I ragazzi riflettono, si stupiscono, si indignano, partecipano. Vincere la mafia che è dentro di noi, offrire un panorama e una visione critica della storia serve a provocare indignazione e ad orientare, serve a sollevare dubbi e a far capire ai giovani che ogni individuo può fare la propria parte nel mondo e che se gli individui si uniscono possono fare cose davvero grandi.
«Serve a promuovere la conoscenza della Costituzione, ad assegnare significato alle regole, a costruire una comunità consapevole e non a conoscere passivamente le storie tristi di uomini onesti diventati eroi loro malgrado. Serve a capire che siamo interdipendenti e non può esistere equità e giustizia sociale finché il tessuto economico sarà avvelenato da quella corruzione, da quelle pratiche illegali, da quello sfruttamento che non fa più rumore. Le parole di Don Luigi Ciotti in una recente intervista sono chiare e ci invitano ad un cambio di visione: “La legalità è una bandiera che va rigenerata”, è diventata un vessillo facile da agitare, la mafia non ha più bisogno di sparare perché non è più un “antistato” facilmente individuabile, ma ha ormai connessioni dentro lo Stato, dentro la politica, nel mondo della finanza.
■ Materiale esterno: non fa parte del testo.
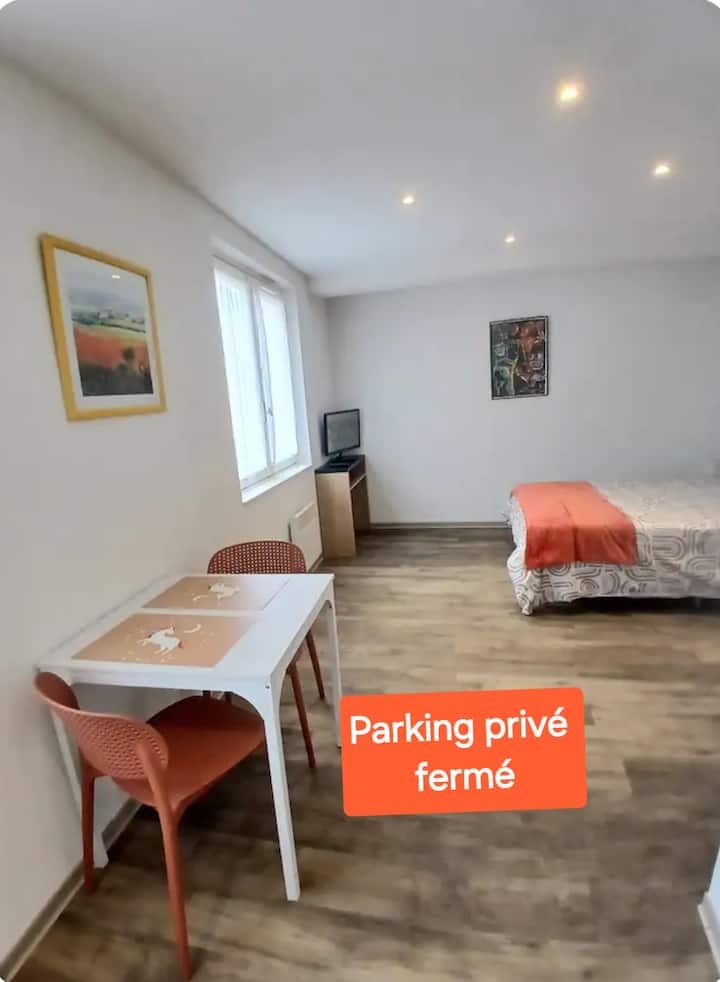 Studio Pierrealex -Neuf - Garage Privé - Vias
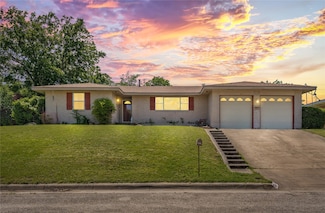 4817 Trena St, Fort Worth, TX 76114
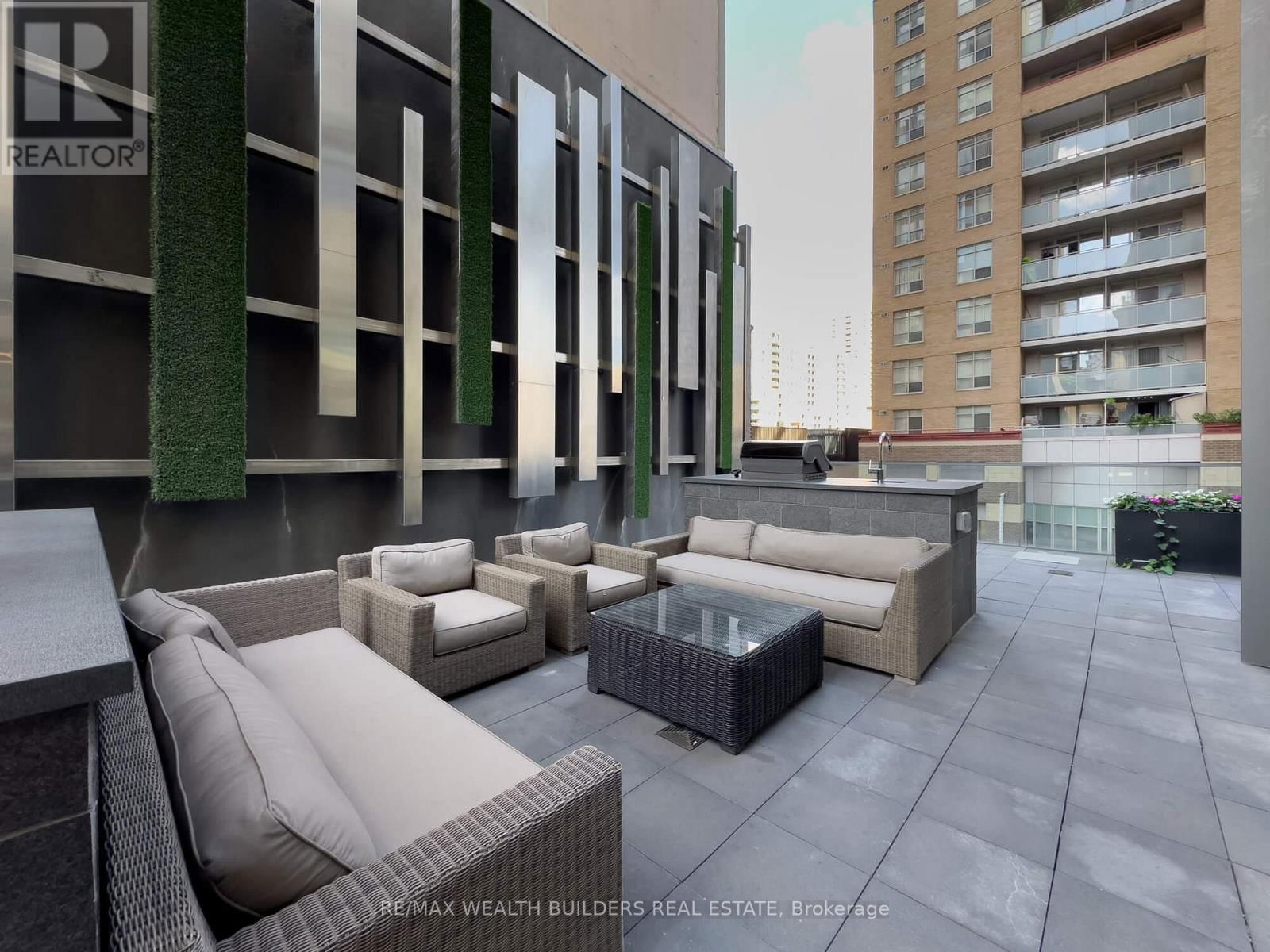 1410 - 15 GRENVILLE STREET Image 39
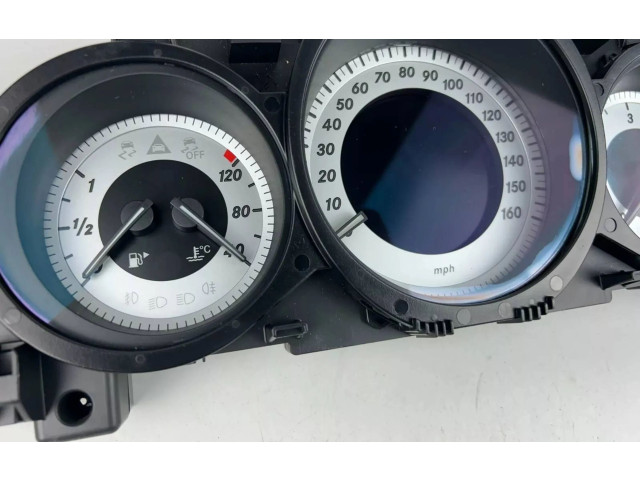 Přístrojová deska Mercedes-Benz C W205 2017 A2049004408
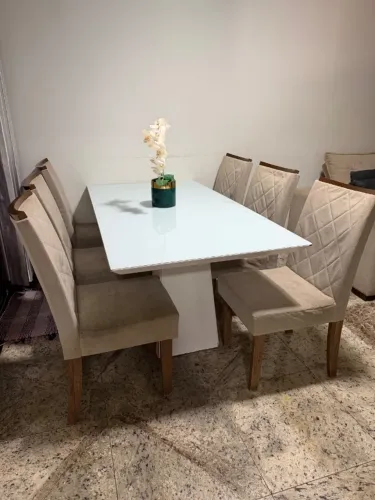 Mesa de jantar com 6 cadeiras 
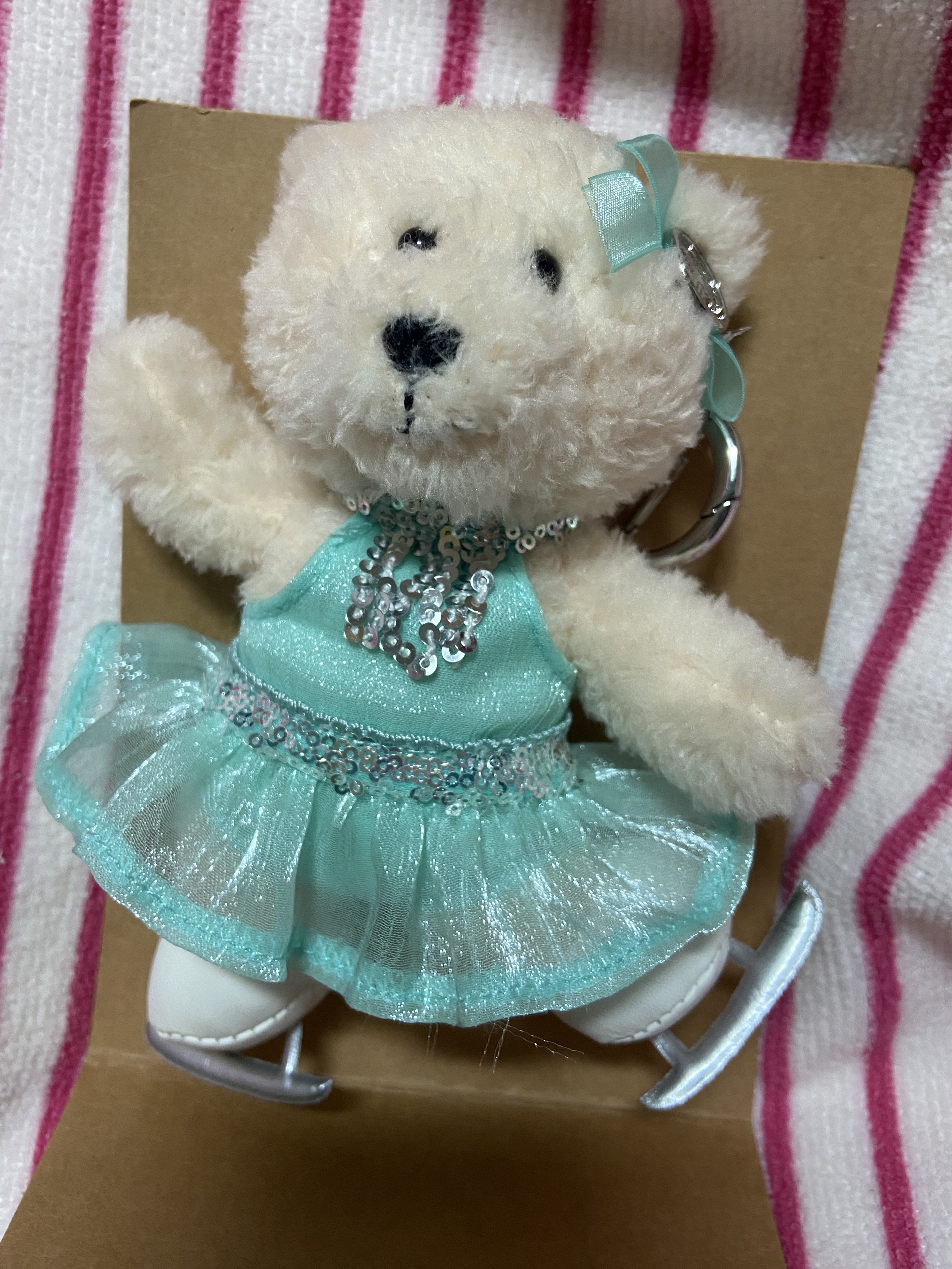 Starbucks Figure Skating Bearista Keychain 착용 스타일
I convegni, gli eventi, le manifestazioni sono strumenti obsoleti che rischiano di restare mera forma. Il compito della scuola va oltre: comprendere il valore della regola nella società, ma anche discuterne la validità, la rispondenza a valori etici condivisi in un sistema democratico, sollecitare senso critico e riflessione stimolando alla partecipazione, all’associazionismo che permette di condividere con altre persone tutti quei valori di giustizia sociale, solidarietà, umanità che vogliamo preservare. La scuola ha il compito di coinvolgere i giovani in questo processo, con le parole di Don Ciotti, deve insegnare a “distinguere tra la sacralità delle istituzioni dello Stato e chi le governa e le incarna”: questo riconoscimento del dato di realtà sembra l’unico modo per restituire ai giovani la fiducia, uscire dalla disillusione e dal disinganno, per squarciare un velo di ipocrisia e abbracciare la strada dell’impegno.
“La memoria fa paura alle mafie. Non può essere ingabbiata nel passato, archiviata, va vissuta nel presente” (Don Luigi Ciotti)».